Here are some others.
The Dealership Factor
Car dealers buy automobiles from manufacturers, who in turn must also make a profit on the car. When you stop and look at the typical new car dealership, you’ll see all sorts of costs associated with the business. Employees, rent, electricity, fuel, taxes and advertising, the list goes on and on and on.
All of those costs have to be factored into the price of the car.
If you try to sell the car back to a dealer after you’ve purchased it, they’re going to need to make a profit when they resell the car, so they have to leave themselves room to do so when they pay you for the car.
Meanwhile, if you try to sell the car to a private party, you won’t be able to offer the new car warranty or many of the other perks dealers can provide, so people expect to pay less. Sure, you can sell the car to a person for more than a dealer would offer, but you’re not going to get them to pay you the full retail price.
According to the vehicle history tracking service CARFAX, a new car can lose as much as 10 percent of its value during the first month of ownership. A 20 percent decline in value is typical in the first year, with additional 10 percent declines in each of the succeeding four years. As a result, a new car purchased today can be worth a mere forty percent of its current value after five years on the road.
The Age Factor
As time goes on, newer models are introduced with more features. To see this more clearly, compare your current car to the same model from 10 years earlier. Your car likely has a more powerful engine, gets better fuel economy and offers more comfort, convenience and safety features.
Those attributes are part of what makes your car more valuable than its decade-older counterpart. You also have to take general wear and tear into consideration. Odds are, that earlier model is going to require more repairs because its various components are wearing out over time.
This is one of the reasons auto lenders take the age and mileage of a car into consideration for car refinancing. They have to make sure there’s enough value in the car to support the loan.
The Perception Factor
A lot of folks want to be associated with the latest and the greatest. Many people will camp out in front of a store for hours (sometimes even days) before the release of a hot new consumer product. Such is the drive to be among the first to be seen in possession of it.
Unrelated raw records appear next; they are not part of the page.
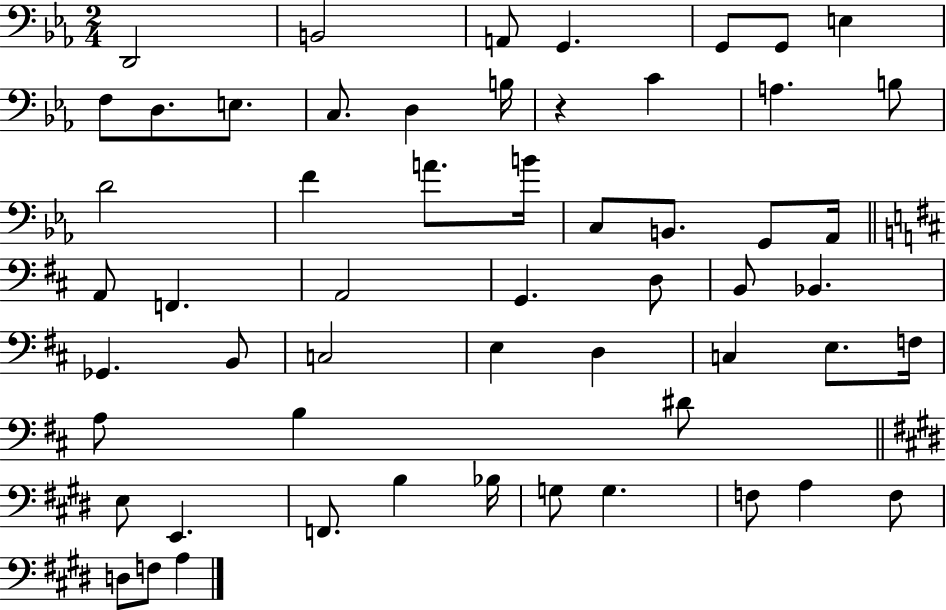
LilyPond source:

{
  \clef bass
  \numericTimeSignature
  \time 2/4
  \key ees \major
  d,2 | b,2 | a,8 g,4. | g,8 g,8 e4 | \break f8 d8. e8. | c8. d4 b16 | r4 c'4 | a4. b8 | \break d'2 | f'4 a'8. b'16 | c8 b,8. g,8 aes,16 | \bar "||" \break \key d \major a,8 f,4. | a,2 | g,4. d8 | b,8 bes,4. | \break ges,4. b,8 | c2 | e4 d4 | c4 e8. f16 | \break a8 b4 dis'8 | \bar "||" \break \key e \major e8 e,4. | f,8. b4 bes16 | g8 g4. | f8 a4 f8 | \break d8 f8 a4 | \bar "|."
}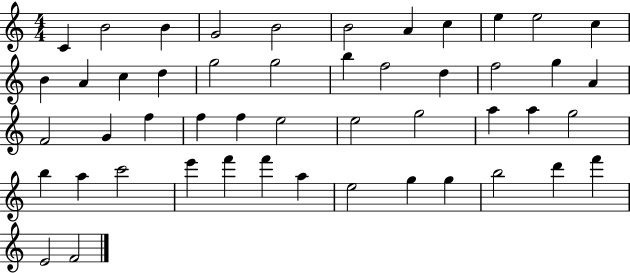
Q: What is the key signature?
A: C major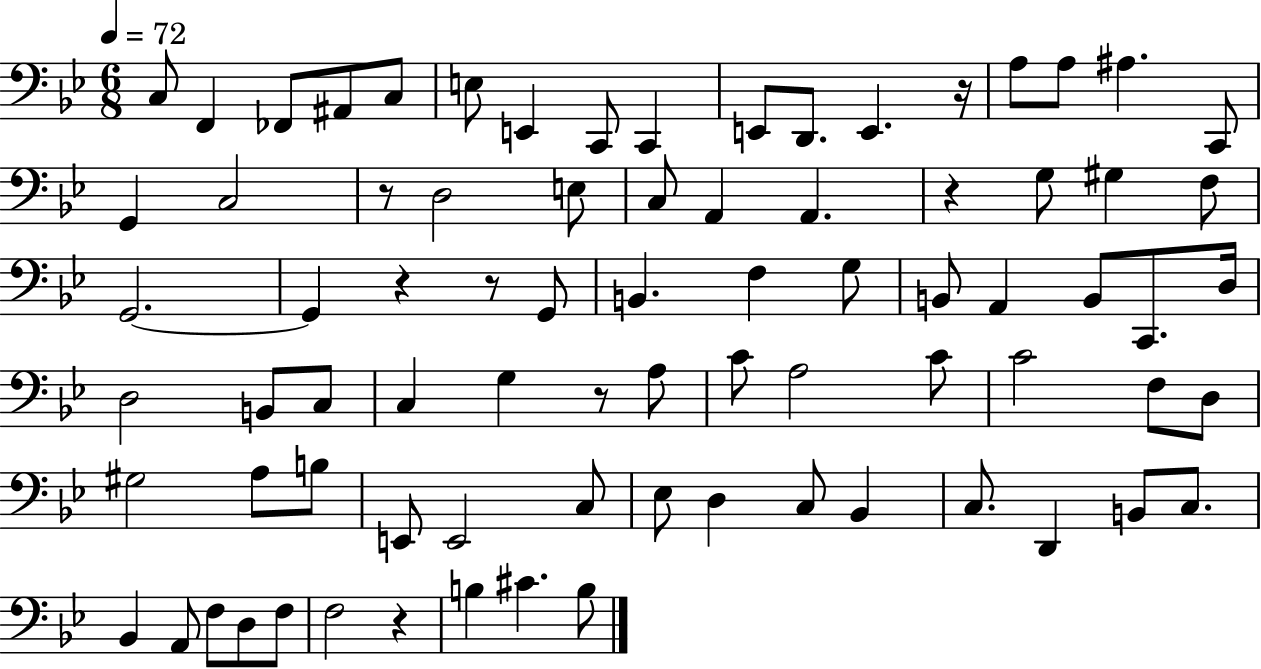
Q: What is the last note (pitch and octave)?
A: B3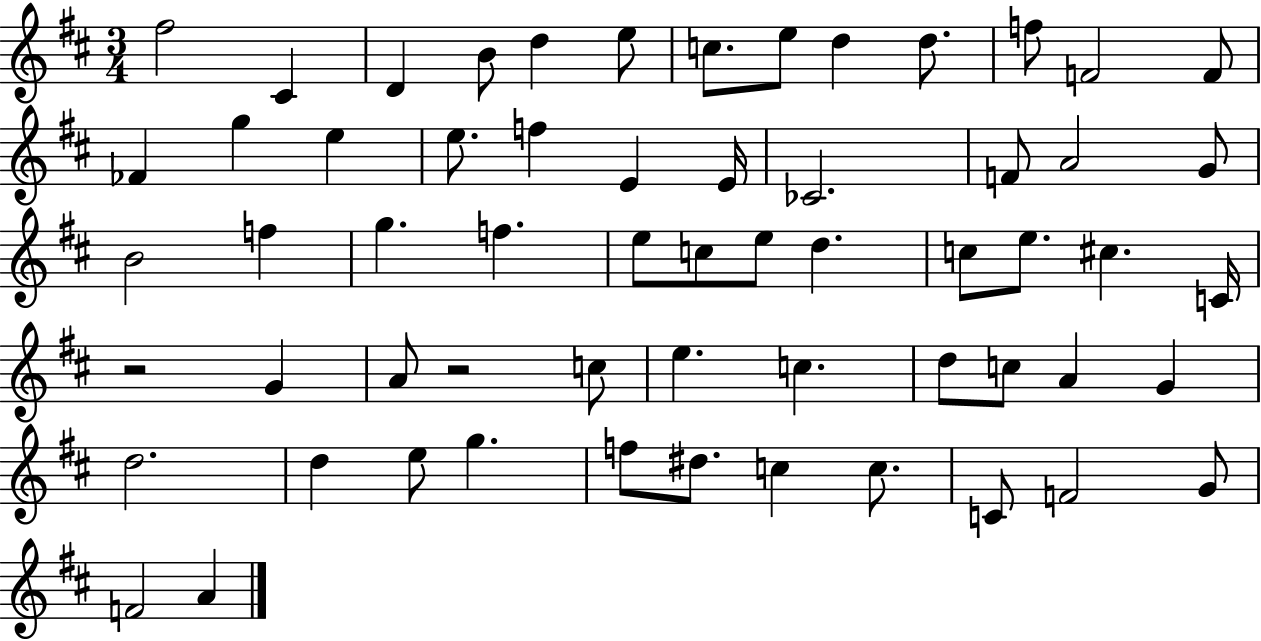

(And yes, we’re talking about you, iPhone fans.)
This demand makes the new device more valuable and the old one less valuable — up to a certain point. If the item is rare, highly coveted for whatever reason or has a desirable “pedigree” it will eventually gain collectible status and its value will begin to appreciate.
Of course, this can take as much as 25 to 30 years to happen.
Bottom line, those are the three biggest reasons why cars depreciate so rapidly. It’s also why most financial experts recommend buying used cars over new ones. It’s far better to let someone else absorb that initial depreciation hit, even as you enjoy the exact same car.